Electrification rate hits 98.6% in 2023, leaving 50 million still without power
Rural households face unreliable supply and affordability challenges despite grid access
Clean cooking access at 78.9%, with nearly one billion reliant on biomass, charcoal and kerosene
Renewable capacity tripled in a decade, but share of total energy supply remains just 16.3%
UNESCAP calls for urgent policy, finance and innovation to meet SDG 7 targets
The Asia-Pacific region is on course to achieve universal electricity access by 2030, marking a major milestone for global sustainable development. But progress on other critical energy goals is faltering, the United Nations Economic and Social Commission for Asia and the Pacific (ESCAP) has warned.
ESCAP’s Regional Trends Report on Energy for Sustainable Development, titled Transforming energy systems for a low carbon future in Asia and the Pacific was released on September 3, 2025. It found that while electrification is nearing completion, renewable energy growth remains too slow, efficiency gains are stalling, and clean cooking continues to be neglected.
The region’s electrification rate rose to 98.6 per cent in 2023, leaving around 50 million people still without power. Urban access is almost universal, while rural coverage has reached 97.4 per cent.
However, the report stressed that millions of households face unreliable supply, frequent outages and affordability constraints despite being grid-connected. The UN body cautioned that the Sustainable Development Goal (SDG) 7 indicator counts connections but does not measure availability, reliability or cost. These gaps, it said, are vital to ensuring electricity access translates into real socioeconomic benefits.
“Improving the multiple dimensions of energy access must continue to be a priority for national governments, even after universal access through physical electricity connection is achieved,” the report stated.
In contrast to electricity, access to clean cooking fuels and technologies remains inadequate. While coverage has risen from 38 per cent in 2000 to 78.9 per cent in 2023, nearly one billion people in the region still rely on polluting fuels such as biomass, charcoal and kerosene.
Rural households are worst affected: Only 63.6 per cent use clean cooking compared with over 92 per cent in cities.
The report underscored the serious health and social consequences of this divide. Household air pollution from traditional fuels is a leading cause of premature deaths, with women and children most affected. Women and girls also carry the burden of collecting fuel and spending long hours cooking with inefficient stoves, limiting education and economic opportunities.

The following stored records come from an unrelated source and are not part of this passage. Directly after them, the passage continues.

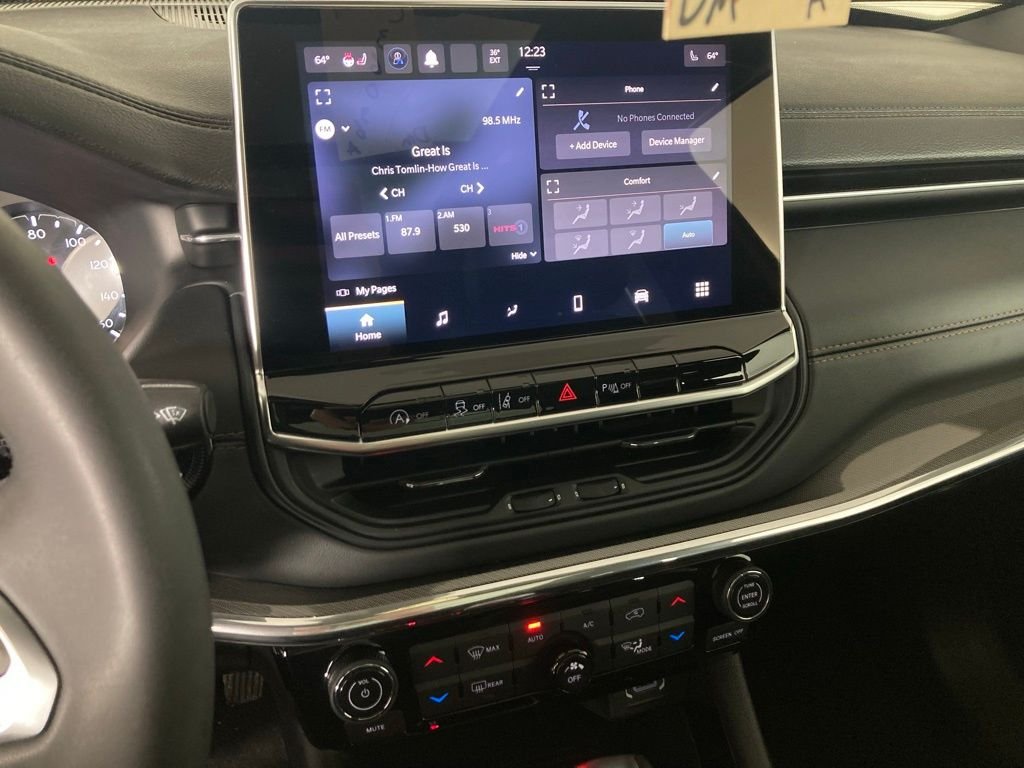 Used 2024 Jeep Compass Limited with VIN 3C4NJDCN4RT579995 for sale in Elk River, Minnesota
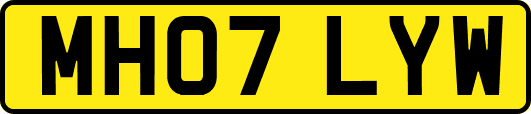 MH07LYW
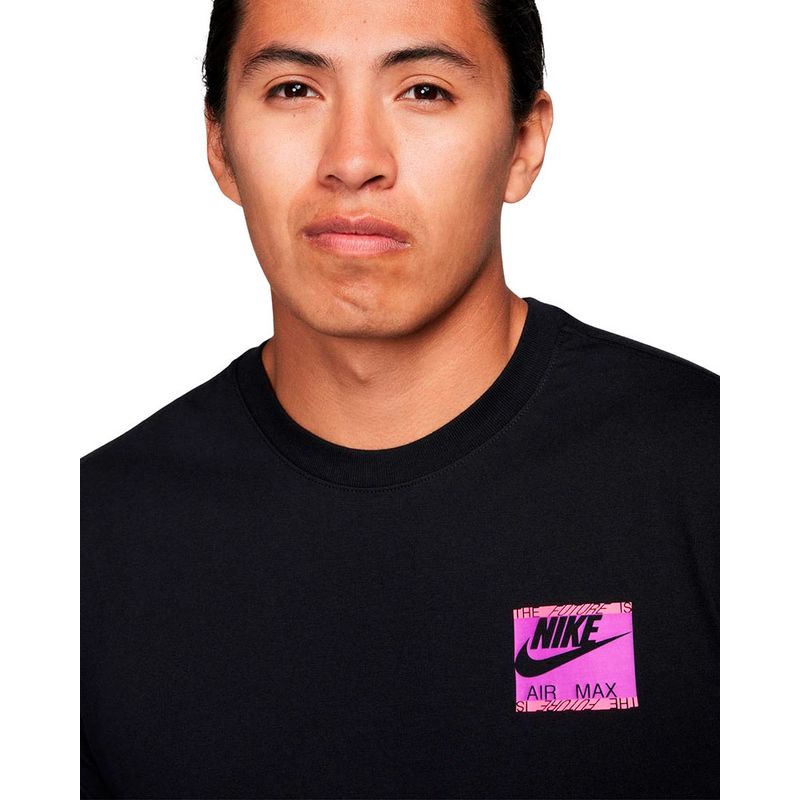 Camiseta Nike Nsw Tee Lbr Masculina | Camiseta e na Authentic Feet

Without urgent action, the region risks missing the 2030 universal clean cooking target, ESCAP warned. It called for government incentives, infrastructure investment, behaviour change campaigns and innovations such as electric cookstoves.
The region has become the global centre of renewable energy expansion. Installed renewable electricity capacity grew from 568 gigawatts (GW) in 2013 to 1,785 GW in 2023, with per capita capacity tripling from 151 watts to 451 watts. Falling solar PV and wind costs have driven much of this growth.
Yet renewables still make up only a small part of the overall energy mix. Their share of the region’s total energy supply increased only marginally, to 16.3 per cent in 2022, while modern renewables accounted for just 11.2 per cent of final energy consumption.
ESCAP said this reflects a “structural paradox”: Surging demand in industry and transport that renewables cannot keep pace with and declining reliance on traditional biomass, which lowers the overall share of renewables in the energy balance.
Fossil fuels still account for about 85 per cent of the region’s supply, with coal dominating power generation in several economies. Renewable uptake in heating and transport remains minimal.
ESCAP urged governments to create enabling conditions for renewable and efficiency investment through clear policies, financial incentives and mobilising climate finance. It called for integrated, long-term energy planning aligned with climate targets and modernisation of grids, storage and off-grid solutions.
“Asia-Pacific has made remarkable strides in electrification, but unless we tackle clean cooking, efficiency and renewable integration with the same urgency, the region will fall short of its sustainable energy commitments,” said Armida Salsiah Alisjahbana, ESCAP’s Executive Secretary in a press statement. “A just and inclusive transition — one that benefits women, youth and vulnerable groups — must be at the heart of this effort.”
The report also emphasised the importance of making the transition just and inclusive by ensuring women, youth and marginalised groups are involved through training and leadership opportunities. Regional cooperation, knowledge-sharing and alignment of national strategies with climate goals were also listed as priorities.
Finally, the UN agency underlined the role of emerging technologies, urging governments to scale up pilot projects, boost research and development and foster innovation ecosystems tailored to national contexts.
“Achieving SDG 7 in Asia-Pacific will require not just supply-side investments, but also demand-side measures and systemic reforms,” the report concluded.